Web page caption snippets
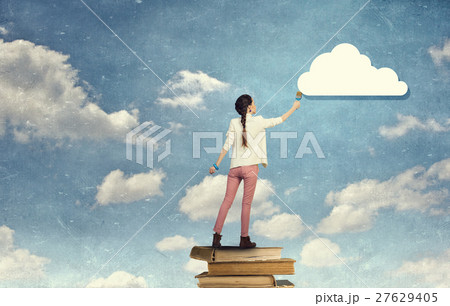Woman painting wall in colors Woman painting wall in colors 27629405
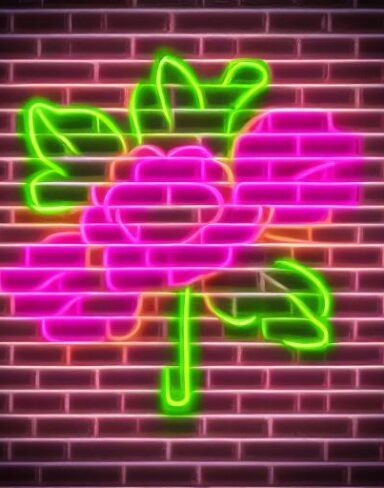 Flower neon sign on a brick wall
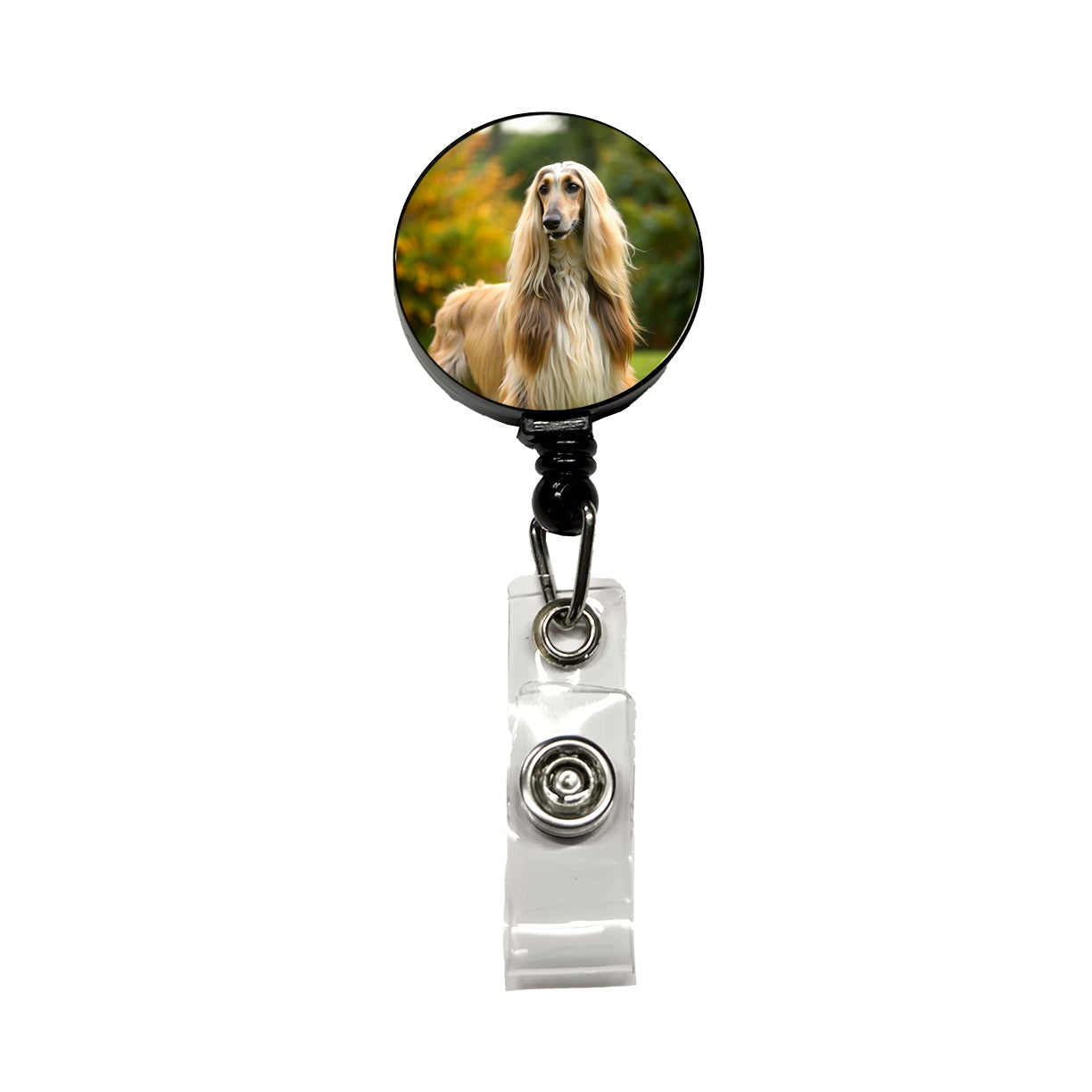 Afghan Hound Dog Photo Retractable ID Key Card Name Tag Badge Holder with Clip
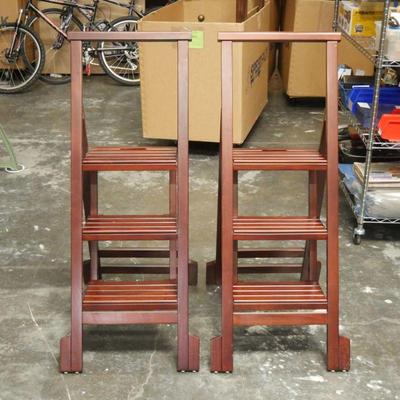 Pair of Folding Wooden Step Ladders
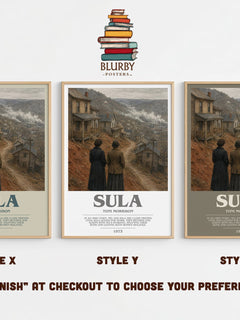Sula bookish print in frame leaning in hallway – literary fiction wall art
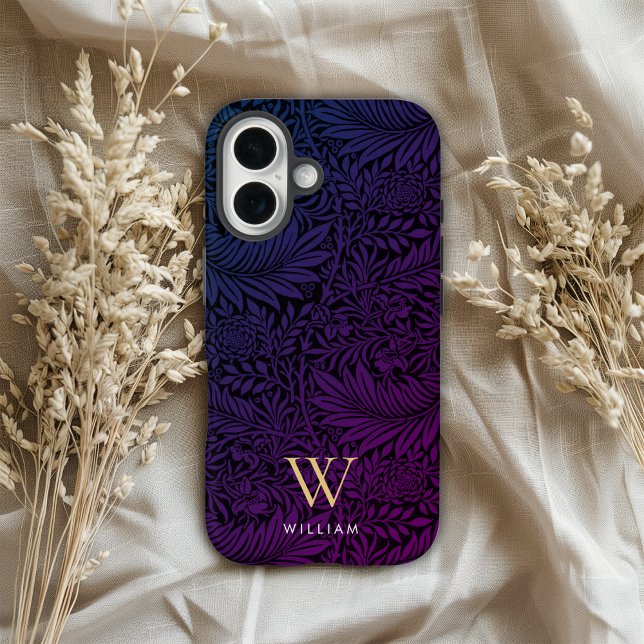 Funda iPhone 16 Boho Purple Floral Gold Monogram Name (Subido por el creador)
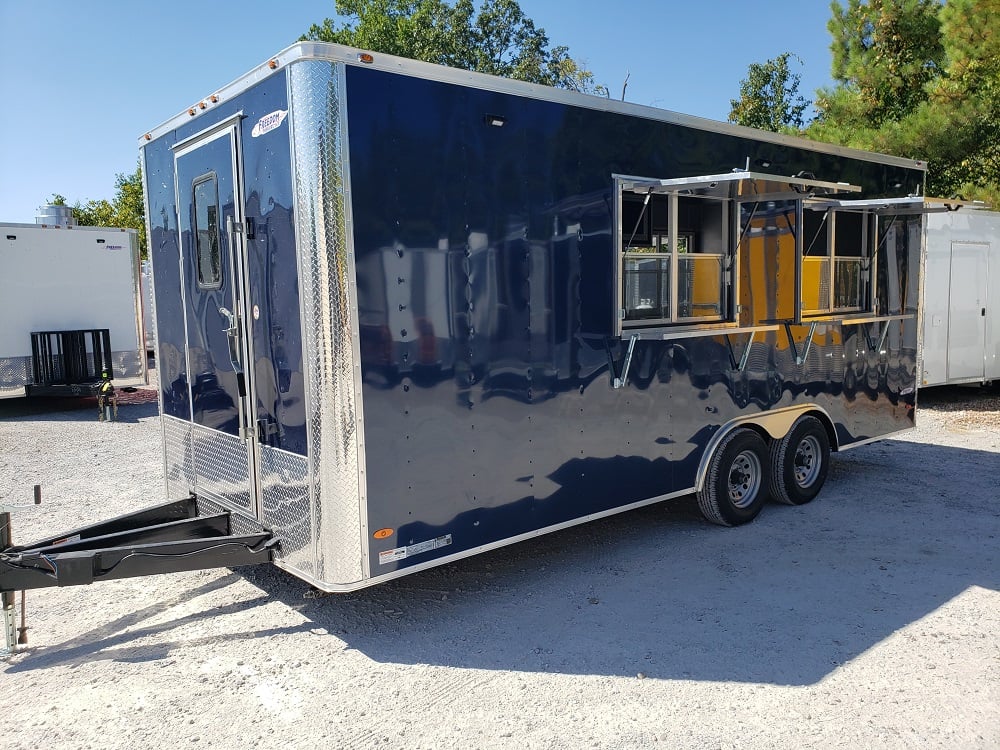 8.5 x 20 Blue Concession Food Trailer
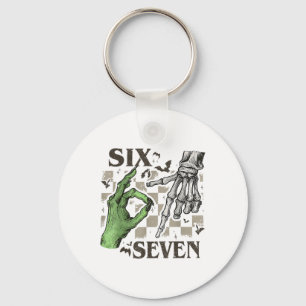 Six Seven Skeleton Hand Sign Meme Halloween Women Key Ring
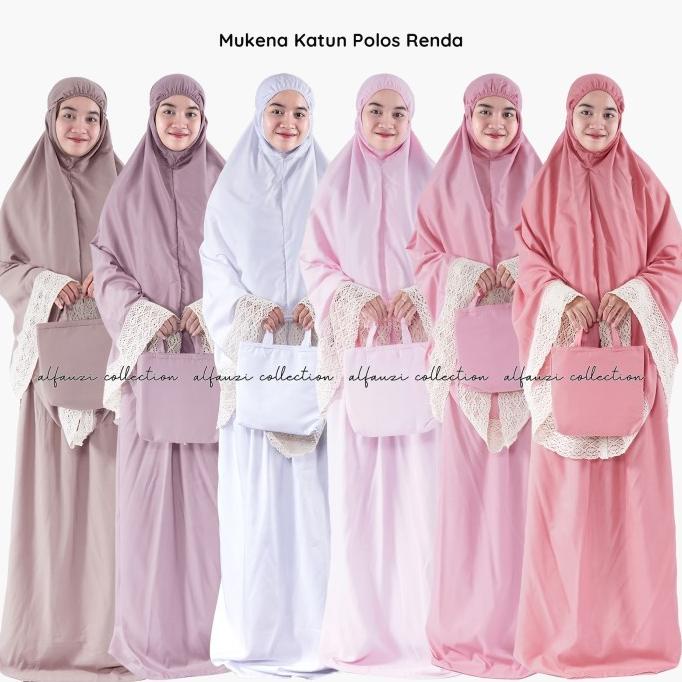 Mukena Katun Polos Renda / mukena dewasa katun polos premium
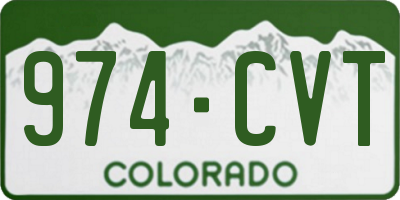 CO license plate 974CVT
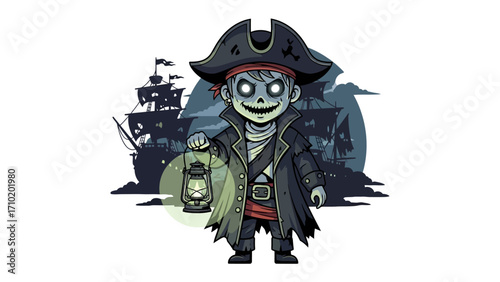 Animated Pirate with Lantern: A charmingly animated pirate illustration, illuminated by a lantern's warm glow, setting a swashbuckling scene of mystery and adventure.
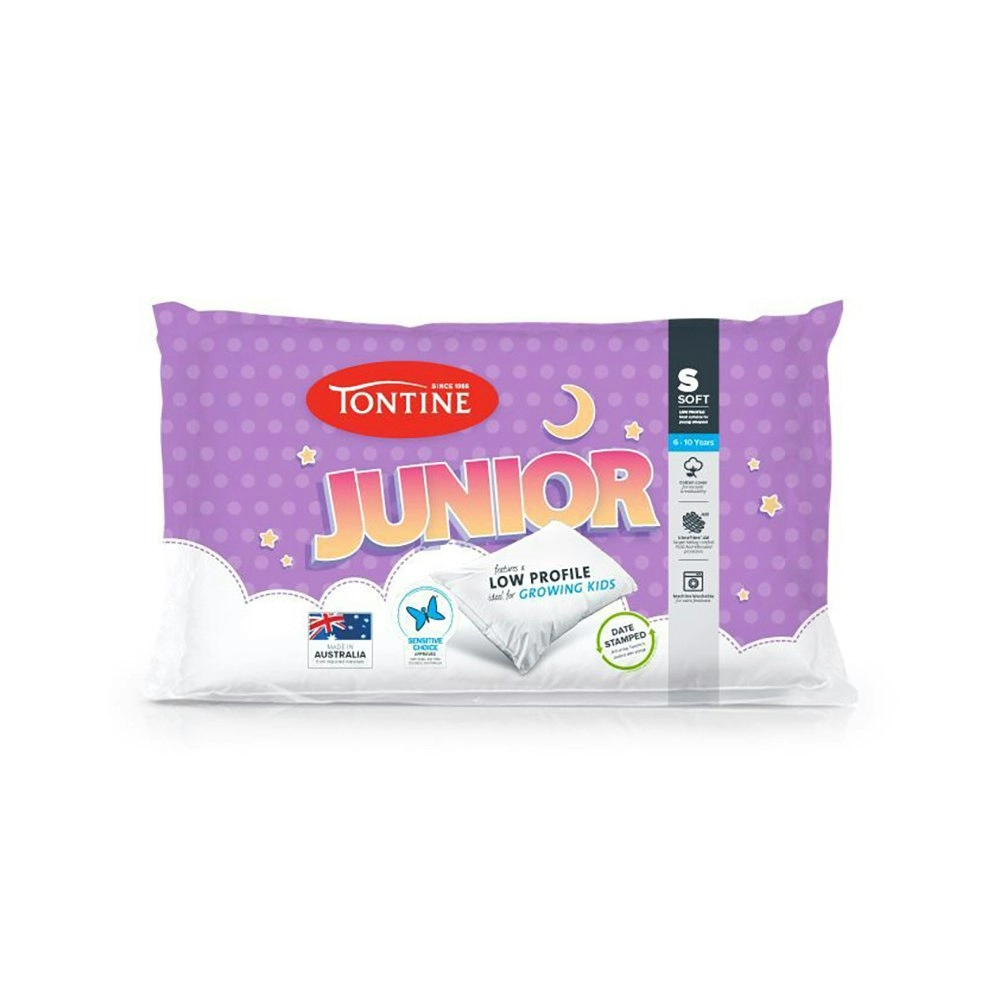 Tontine 46x72cm Junior 6-10yrs Kids/Children Soft Cotton Pillow Low Profile WHT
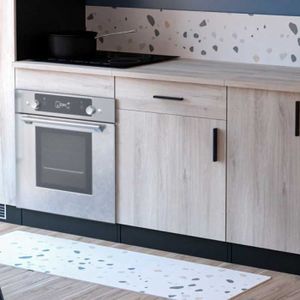 Soldes - Meuble bas de cuisine pour four et plaque en bois recyclé blanc -  Rivages - Interior's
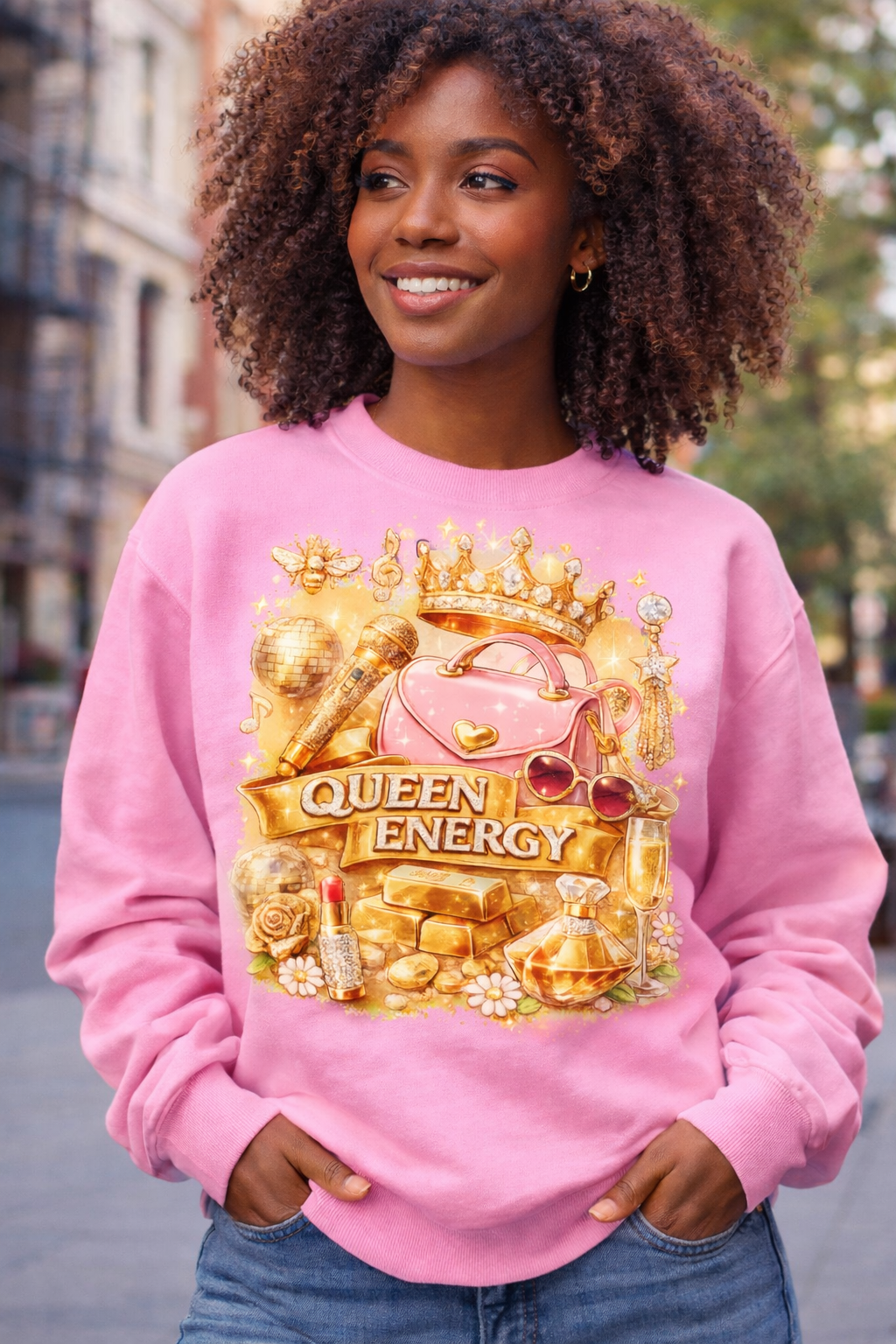 Queen B Energy Crewneck Sweatshirt – Gold Crown & Luxe Icon Graphic BeyHive Approved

EXERCISE GOAL:
A verbatim copy of the records is expected, from their first line through the line with "Funda iPhone 16", inclusive, with the pictures removed.

RESULT OF THIS TASK:
Woman painting wall in colors Woman painting wall in colors 27629405
 Flower neon sign on a brick wall
 Afghan Hound Dog Photo Retractable ID Key Card Name Tag Badge Holder with Clip
 Pair of Folding Wooden Step Ladders
Sula bookish print in frame leaning in hallway – literary fiction wall art
 Funda iPhone 16 Boho Purple Floral Gold Monogram Name (Subido por el creador)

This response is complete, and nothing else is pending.